Your assignment: Each entry that follows is to be copied exactly, minus any pictures.

Data to use:
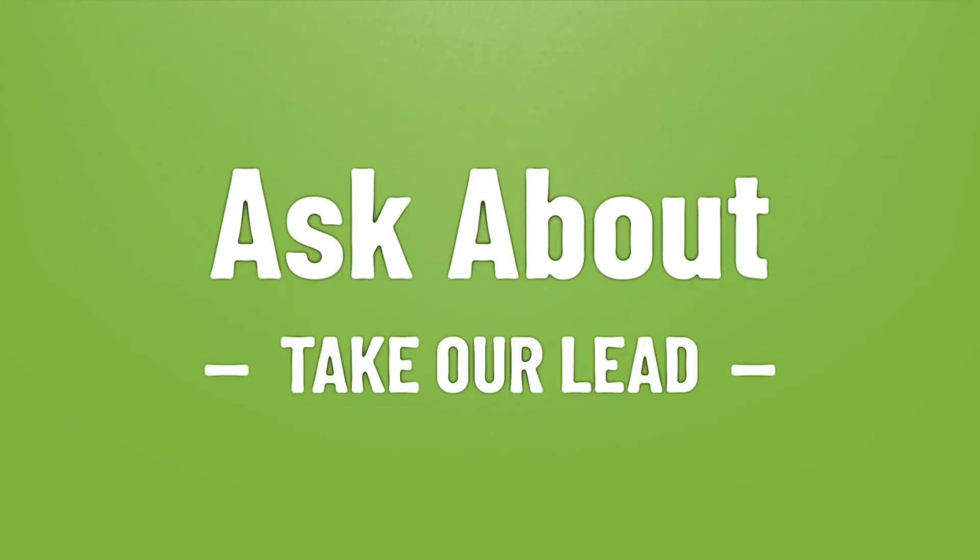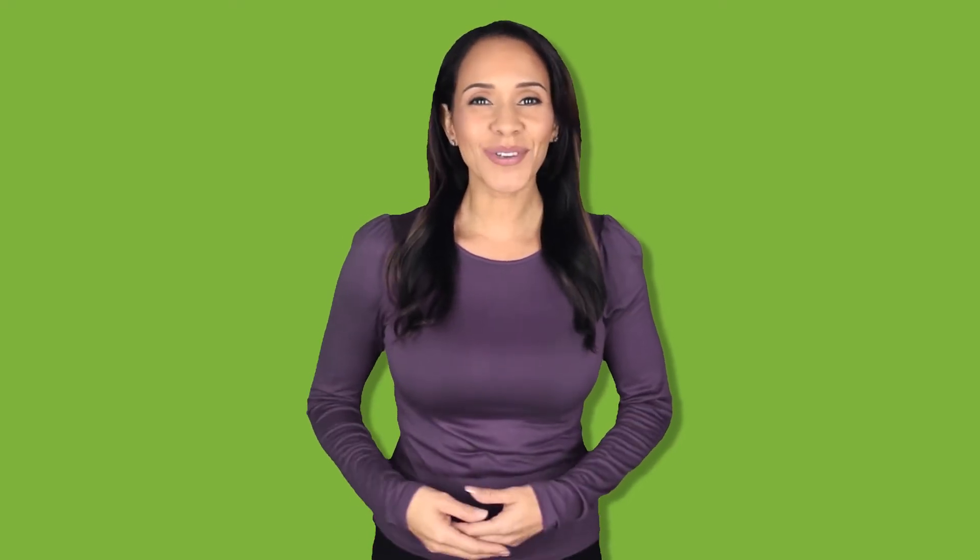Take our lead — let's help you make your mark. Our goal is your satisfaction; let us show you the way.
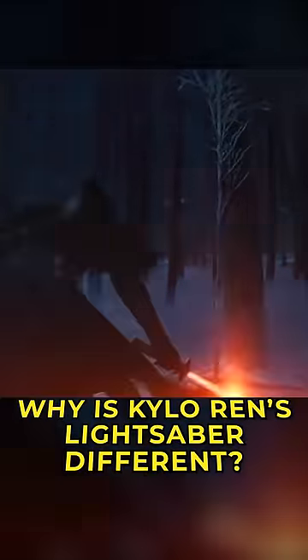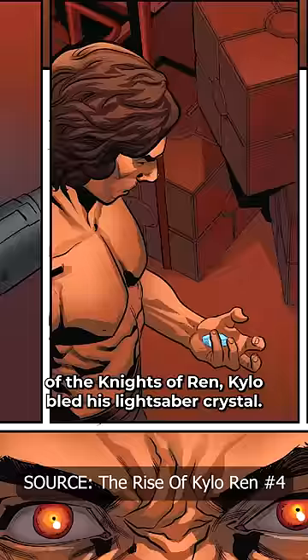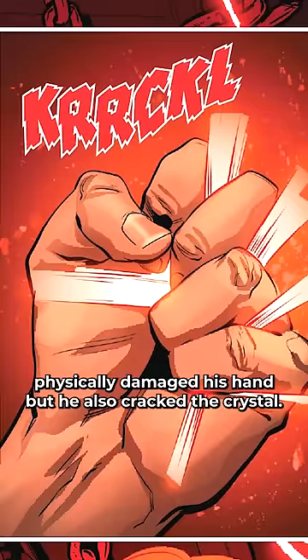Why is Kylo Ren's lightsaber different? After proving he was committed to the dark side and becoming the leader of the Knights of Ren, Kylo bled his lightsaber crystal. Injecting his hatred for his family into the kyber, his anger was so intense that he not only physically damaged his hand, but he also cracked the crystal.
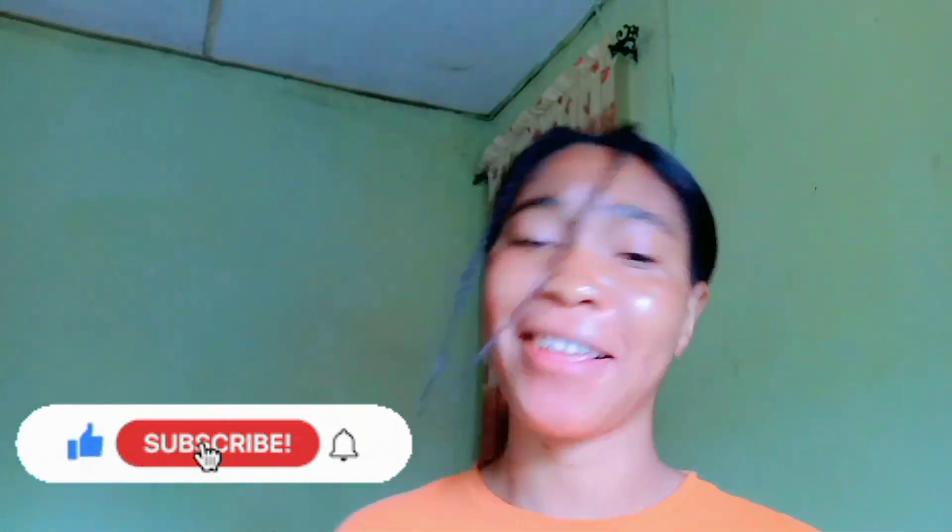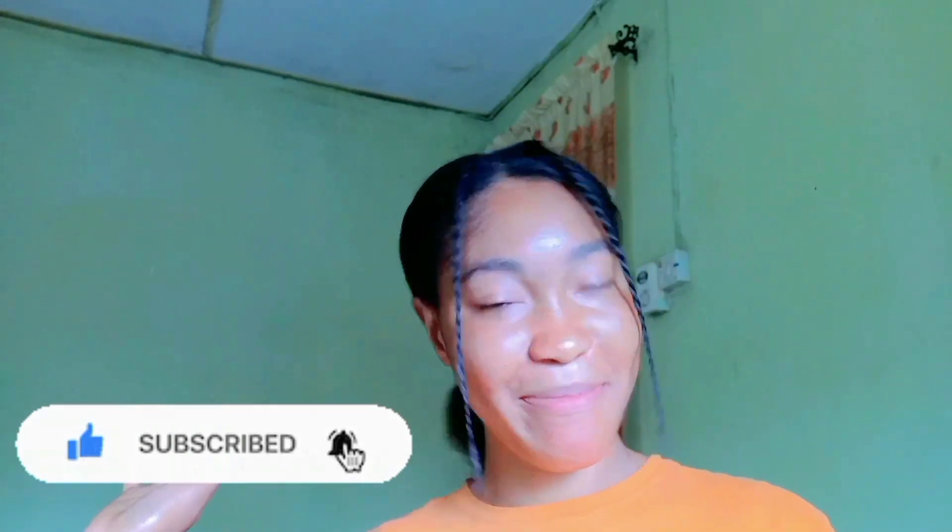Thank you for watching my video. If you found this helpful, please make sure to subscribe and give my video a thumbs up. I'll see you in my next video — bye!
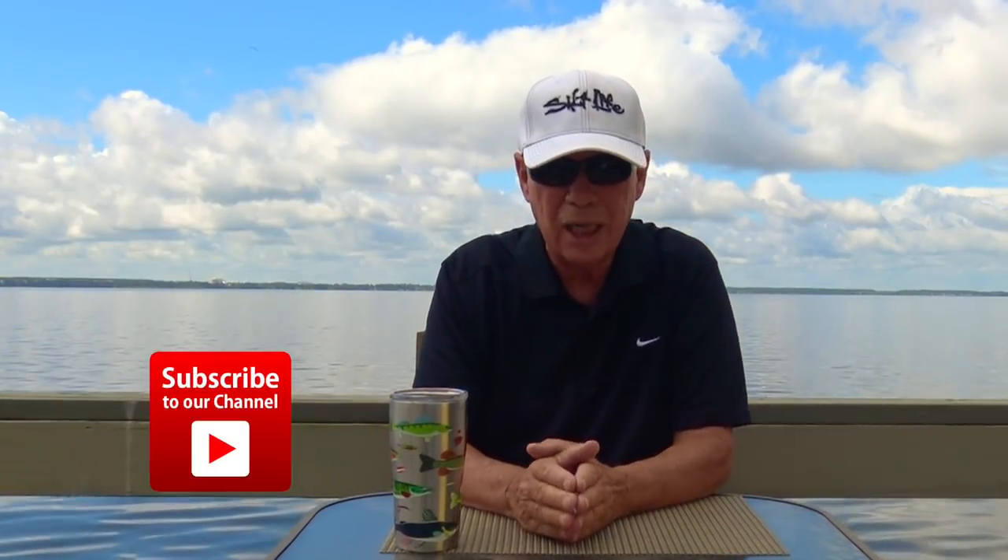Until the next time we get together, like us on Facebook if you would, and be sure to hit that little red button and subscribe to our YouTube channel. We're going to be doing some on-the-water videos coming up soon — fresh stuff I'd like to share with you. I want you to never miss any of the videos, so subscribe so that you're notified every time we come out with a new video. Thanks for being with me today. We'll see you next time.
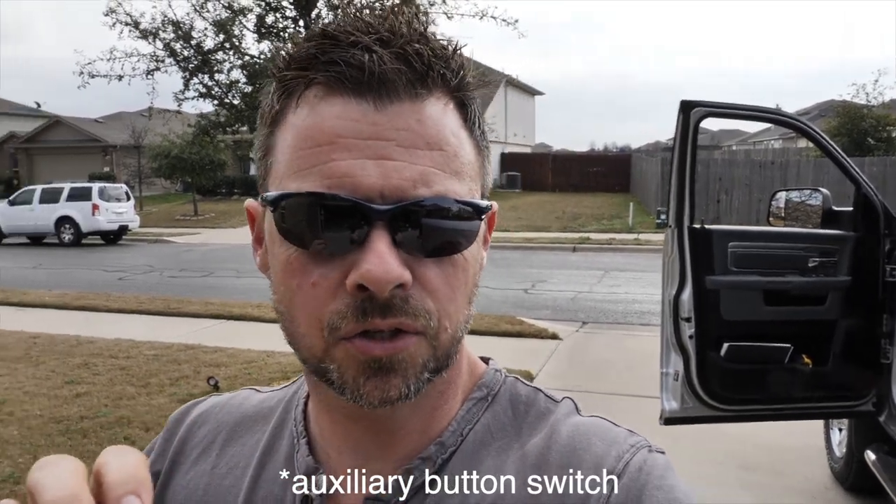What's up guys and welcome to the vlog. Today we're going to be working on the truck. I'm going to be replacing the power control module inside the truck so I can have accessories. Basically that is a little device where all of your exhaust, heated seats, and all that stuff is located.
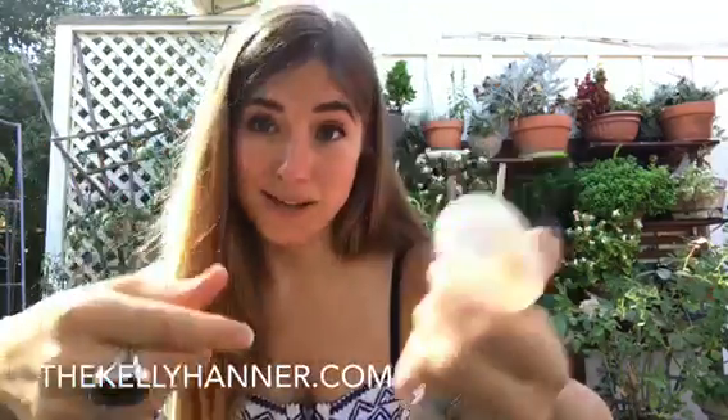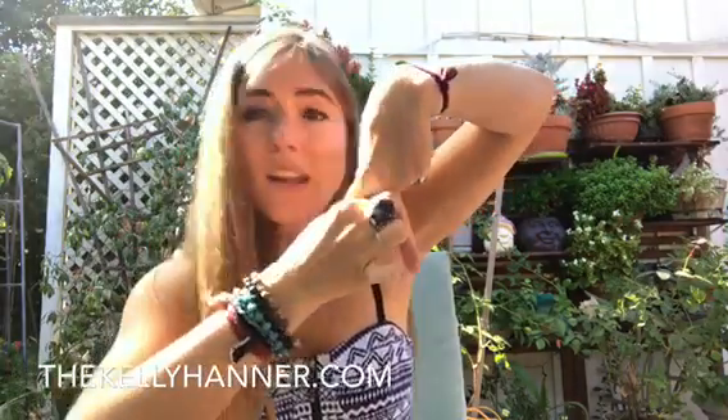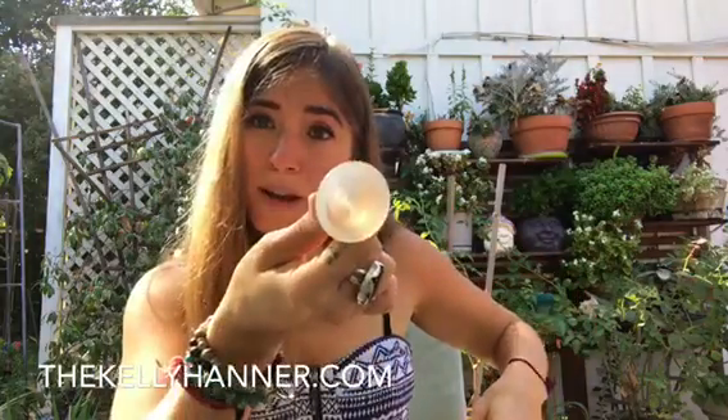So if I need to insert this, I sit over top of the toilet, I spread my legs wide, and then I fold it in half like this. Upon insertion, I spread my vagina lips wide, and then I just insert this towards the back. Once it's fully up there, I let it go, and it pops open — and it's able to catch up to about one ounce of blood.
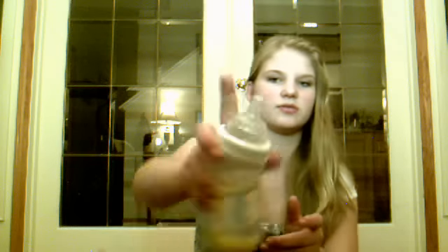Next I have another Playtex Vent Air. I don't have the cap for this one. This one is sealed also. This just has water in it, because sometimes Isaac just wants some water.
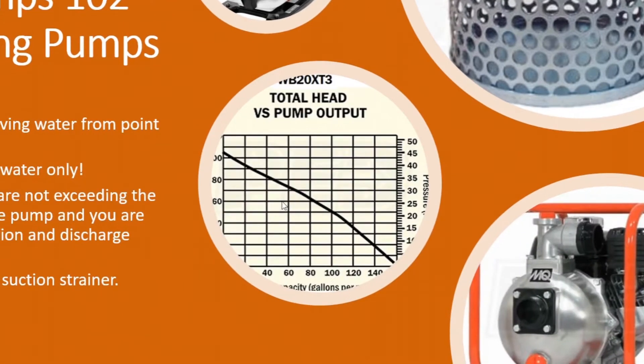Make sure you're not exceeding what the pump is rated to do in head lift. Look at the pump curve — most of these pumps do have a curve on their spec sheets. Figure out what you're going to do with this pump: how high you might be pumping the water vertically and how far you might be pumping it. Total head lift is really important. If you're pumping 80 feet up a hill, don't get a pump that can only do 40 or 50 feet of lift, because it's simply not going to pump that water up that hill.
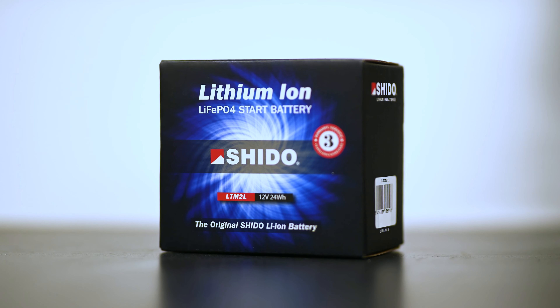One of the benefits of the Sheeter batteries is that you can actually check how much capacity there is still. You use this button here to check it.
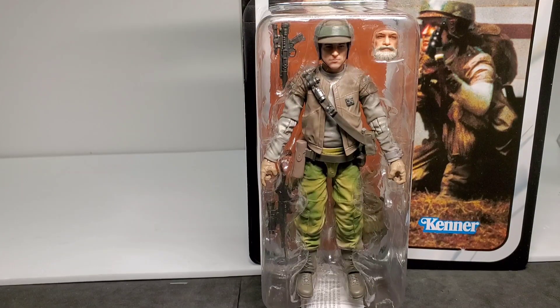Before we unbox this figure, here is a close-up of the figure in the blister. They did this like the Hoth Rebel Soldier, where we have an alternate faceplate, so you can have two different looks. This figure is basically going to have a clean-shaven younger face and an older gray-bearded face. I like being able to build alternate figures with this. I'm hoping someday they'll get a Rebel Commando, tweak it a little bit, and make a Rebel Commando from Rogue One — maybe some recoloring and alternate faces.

Solution to this exercise:
Take our lead — let's help you make your mark. Our goal is your satisfaction; let us show you the way.
Why is Kylo Ren's lightsaber different? After proving he was committed to the dark side and becoming the leader of the Knights of Ren, Kylo bled his lightsaber crystal. Injecting his hatred for his family into the kyber, his anger was so intense that he not only physically damaged his hand, but he also cracked the crystal.
Thank you for watching my video. If you found this helpful, please make sure to subscribe and give my video a thumbs up. I'll see you in my next video — bye!
Until the next time we get together, like us on Facebook if you would, and be sure to hit that little red button and subscribe to our YouTube channel. We're going to be doing some on-the-water videos coming up soon — fresh stuff I'd like to share with you. I want you to never miss any of the videos, so subscribe so that you're notified every time we come out with a new video. Thanks for being with me today. We'll see you next time.
What's up guys and welcome to the vlog. Today we're going to be working on the truck. I'm going to be replacing the power control module inside the truck so I can have accessories. Basically that is a little device where all of your exhaust, heated seats, and all that stuff is located.
So if I need to insert this, I sit over top of the toilet, I spread my legs wide, and then I fold it in half like this. Upon insertion, I spread my vagina lips wide, and then I just insert this towards the back. Once it's fully up there, I let it go, and it pops open — and it's able to catch up to about one ounce of blood.
Next I have another Playtex Vent Air. I don't have the cap for this one. This one is sealed also. This just has water in it, because sometimes Isaac just wants some water.
Make sure you're not exceeding what the pump is rated to do in head lift. Look at the pump curve — most of these pumps do have a curve on their spec sheets. Figure out what you're going to do with this pump: how high you might be pumping the water vertically and how far you might be pumping it. Total head lift is really important. If you're pumping 80 feet up a hill, don't get a pump that can only do 40 or 50 feet of lift, because it's simply not going to pump that water up that hill.
One of the benefits of the Sheeter batteries is that you can actually check how much capacity there is still. You use this button here to check it.
Before we unbox this figure, here is a close-up of the figure in the blister. They did this like the Hoth Rebel Soldier, where we have an alternate faceplate, so you can have two different looks. This figure is basically going to have a clean-shaven younger face and an older gray-bearded face. I like being able to build alternate figures with this. I'm hoping someday they'll get a Rebel Commando, tweak it a little bit, and make a Rebel Commando from Rogue One — maybe some recoloring and alternate faces.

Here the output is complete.